There’s no doubt that there was some seriously smart company at the UCLA Visionary Ball benefiting the university’s department of neurosurgery Oct. 25 at the Beverly Wilshire in Beverly Hills, but MC and comedian Larry Miller had a request that may have been too hefty even for the trained brain surgery professionals.
“Can you do something about the brains in Washington?” he asked the surgeons.
Martin presented a demonstration of the importance of nerves in the brain. “These neurons in the human brain represent our best hope to conquer hunger and war and disease and heal the environment, all the things that human brain is going to have to do for us,” he explained, then joked about LA’s notorious traffic on a popular freeway. “Maybe even stop gridlock on the 405.”

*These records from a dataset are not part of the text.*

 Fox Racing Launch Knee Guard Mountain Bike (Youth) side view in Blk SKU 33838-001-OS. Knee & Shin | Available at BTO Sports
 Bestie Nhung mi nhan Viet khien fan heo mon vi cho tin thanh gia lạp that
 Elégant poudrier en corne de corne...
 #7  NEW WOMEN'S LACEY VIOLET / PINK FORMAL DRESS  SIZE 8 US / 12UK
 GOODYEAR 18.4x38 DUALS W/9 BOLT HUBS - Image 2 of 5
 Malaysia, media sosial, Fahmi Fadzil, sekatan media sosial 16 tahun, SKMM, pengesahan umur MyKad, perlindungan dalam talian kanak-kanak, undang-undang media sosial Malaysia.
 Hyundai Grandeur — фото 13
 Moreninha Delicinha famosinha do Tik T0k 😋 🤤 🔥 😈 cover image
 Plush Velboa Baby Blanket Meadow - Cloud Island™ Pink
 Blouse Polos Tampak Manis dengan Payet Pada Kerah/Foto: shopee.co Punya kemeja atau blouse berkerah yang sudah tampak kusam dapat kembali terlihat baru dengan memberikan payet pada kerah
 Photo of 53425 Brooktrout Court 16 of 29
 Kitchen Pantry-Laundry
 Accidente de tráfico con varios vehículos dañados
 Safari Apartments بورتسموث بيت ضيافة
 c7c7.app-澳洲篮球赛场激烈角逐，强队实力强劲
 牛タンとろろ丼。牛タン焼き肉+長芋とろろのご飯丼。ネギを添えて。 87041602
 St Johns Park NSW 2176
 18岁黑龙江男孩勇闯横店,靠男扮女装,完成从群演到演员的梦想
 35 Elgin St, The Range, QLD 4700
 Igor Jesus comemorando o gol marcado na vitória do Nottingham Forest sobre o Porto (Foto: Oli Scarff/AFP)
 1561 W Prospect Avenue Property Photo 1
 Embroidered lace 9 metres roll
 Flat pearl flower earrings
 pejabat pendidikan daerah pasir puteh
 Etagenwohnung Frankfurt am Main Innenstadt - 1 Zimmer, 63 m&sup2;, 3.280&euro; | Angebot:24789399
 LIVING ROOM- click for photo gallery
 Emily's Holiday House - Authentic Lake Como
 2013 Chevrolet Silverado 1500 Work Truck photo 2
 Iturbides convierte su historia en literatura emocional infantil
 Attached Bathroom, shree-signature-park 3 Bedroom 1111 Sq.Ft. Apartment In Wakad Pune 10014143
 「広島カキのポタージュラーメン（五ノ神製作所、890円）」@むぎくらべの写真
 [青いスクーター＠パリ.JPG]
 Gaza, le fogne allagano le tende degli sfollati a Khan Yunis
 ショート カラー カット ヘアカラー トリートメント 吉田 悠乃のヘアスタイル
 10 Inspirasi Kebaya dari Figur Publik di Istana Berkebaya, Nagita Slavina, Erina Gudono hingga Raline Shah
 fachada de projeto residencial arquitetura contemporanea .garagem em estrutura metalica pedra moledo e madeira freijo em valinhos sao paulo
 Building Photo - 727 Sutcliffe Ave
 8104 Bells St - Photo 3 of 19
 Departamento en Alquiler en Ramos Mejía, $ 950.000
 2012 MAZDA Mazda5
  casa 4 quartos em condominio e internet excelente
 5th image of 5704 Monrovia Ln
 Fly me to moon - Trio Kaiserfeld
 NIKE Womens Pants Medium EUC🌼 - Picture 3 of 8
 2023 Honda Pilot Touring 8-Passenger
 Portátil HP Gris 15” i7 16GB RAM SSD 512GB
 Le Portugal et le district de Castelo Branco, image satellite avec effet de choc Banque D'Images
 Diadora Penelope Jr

Director James Burrows took the stage to pay tribute to Wolpe, who was receiving the 2013 Courage Award. Wolpe underwent brain surgery for a benign brain tumor.
Burrows was sure to take the time to joke about his Rabbi before presenting him with the award.
“What do you do when your Rabbi’s name comes up on your caller ID?” he asked. “You run through your sins, your transgressions, and more importantly, your donations.”
He later asked if that would count as a donation, and when Wolpe accepted his award, he assured him it would. Though he joked that he was receiving the “I didn’t die” award, he was serious about the subject for which he was receiving it: courage.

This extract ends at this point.